Table of contents

Reading Time: 3 minutes

To speed up the query processing, we need to efficiently manage data.
And partitioning the database is considered as one of the ways to enhance the processing speed.

Using Partitioning, we can divide the data based on some value/field, so that data belonging to different groups are identified easily(may be stored on different nodes), and therefore processing a query won’t require a Full Table Scan, hence making the processing faster.

Following keys can be used to achieve partitioning :

Partition Key: The Partition Key is responsible for data distribution across your nodes.
Clustering Key: The Clustering Key is responsible for data sorting within the partition.
Row Key: A Row Key is just the identifier of an entity within a partition.

Partition key

Determines the node on the cluster, where the partition will be stored.

Partitioning Strategies

Single-Level Partitioning –

a) Range Partition
Range partitioning maps data to partitions based on ranges of partition key values that you establish for each partition. A range is defined using the operators( ‘>’ or ‘<’ (non-inclusive))

Consider the following table :
CUSTOMER –
– CustomerId
– Name
– Location
– DOB

The Lower Bound and the Upper Bound are required for the partition.
Ex: we can define range partition on DOB like:-
Range Partition on DOB ‘2016-01-01’ < DOB <= ’2017-01-01’

b) List Partition – List partitioning enables you to explicitly control how rows map to partitions. A list of discrete values for the partitioning key in the description for each partition is defined.

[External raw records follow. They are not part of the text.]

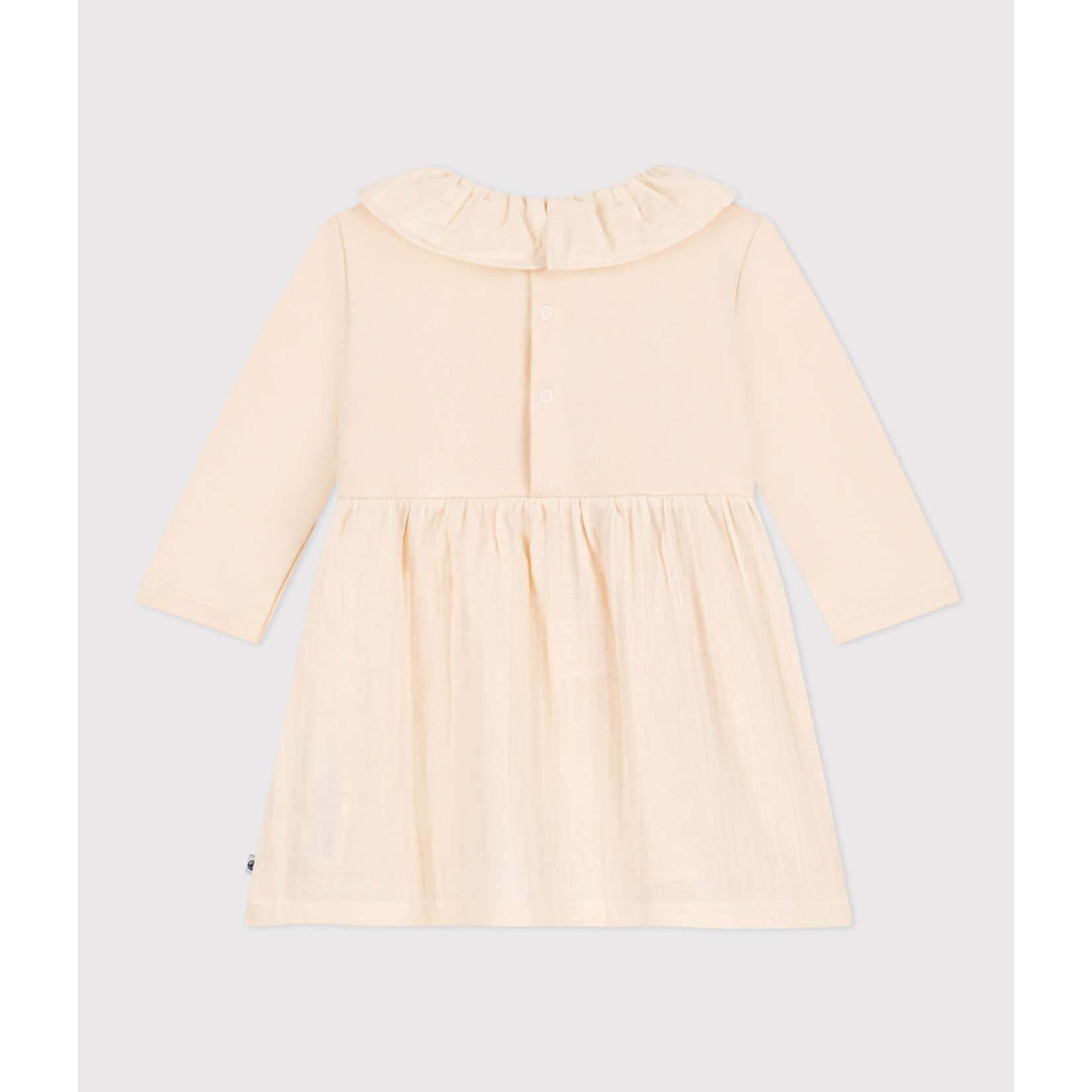 Petit Bateau Robe bébé ML bimatière avec collerette beige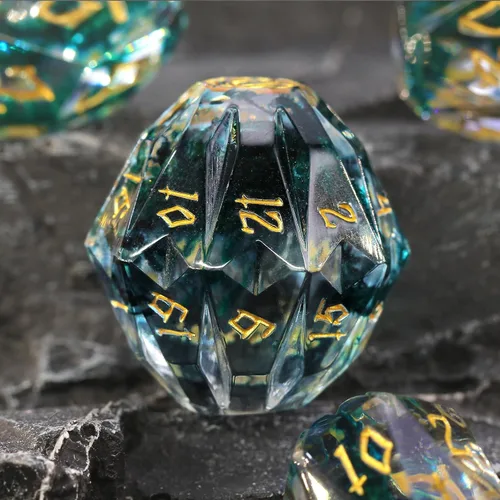 Miniatura 21 de FONVGOGO Dados Ojo de Dragón para Mazmorras y Dragones, Juego de Dados de Resina de Borde Afilado con Núcleo Líquido D&D Dados Poliédricos del Ojo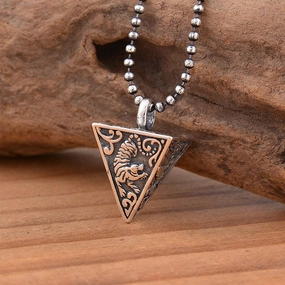 Vintage Thai Silver Pyramid Necklace For Men And Women 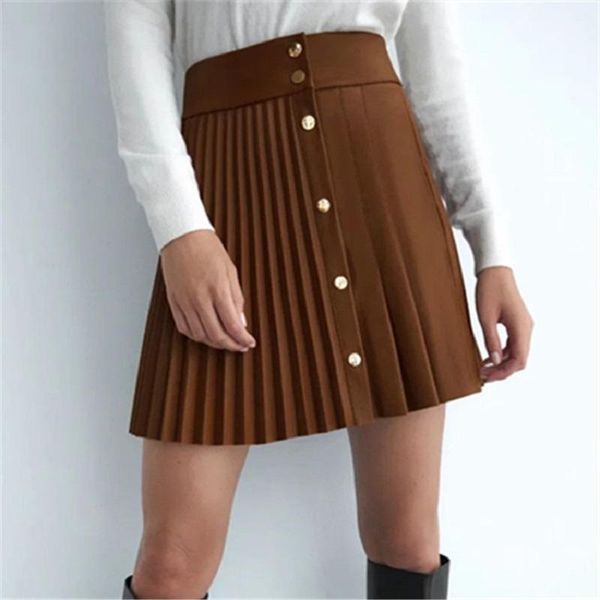 

skirts fashion high waist pleated pu leather skirt women's autumn winter oblique breasted a-line button short for womens, Black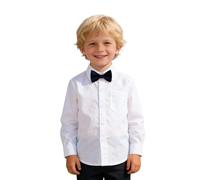Generisch Children's Plain Coloured Stand-Up Collar Shirt with Long Sleeve, Single-Breasted Design Including Bow Tie Elegant Holiday Outfit Chic Gala Style Modern Dress Code Look Festive School Suit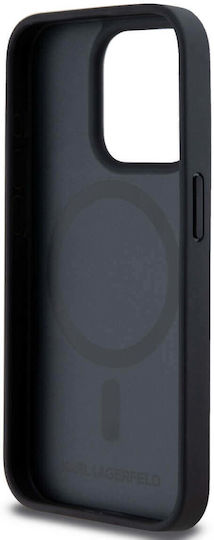 Karl Lagerfeld Karl Head Umschlag Rückseite Leder Schwarz (iPhone 15 Pro)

A row is mapped to a partition by checking whether the value of the partitioning column for a row falls within the set of values that describes the partition. If a table is partitioned by list, the partitioning key can only consist of a single column of the table.

Ex: we can define list partition on Location like
List Partition on Location( ‘Asia’, ‘Europe’, ‘Africa’ )

c) Hash Partition – A column is defined, where hash values are generated for each value and based on the buckets, the partition is made.

The hashing algorithm evenly distributes rows among partitions, giving partitions approximately the same size.
This is typically used where ranges aren’t appropriate, i.e. employee number, productID, etc.

It is a better choice than range partitioning when:
You do not know beforehand how much data maps into a given range
The sizes of range partitions would differ quite substantially or would be difficult to balance manually
Range partitioning would cause the data to be undesirably clustered
Performance features such as parallel DML, partition pruning, and partition-wise joins are important

Ex: we can define hash partition on any column like:-
Hash Partition( ‘column-name’ )
Composite Partitioning

A combination of more than one partitioning technique.
These can be any of the following type: Range-Range, Range-List, Range-Hash, List-Range, and so on.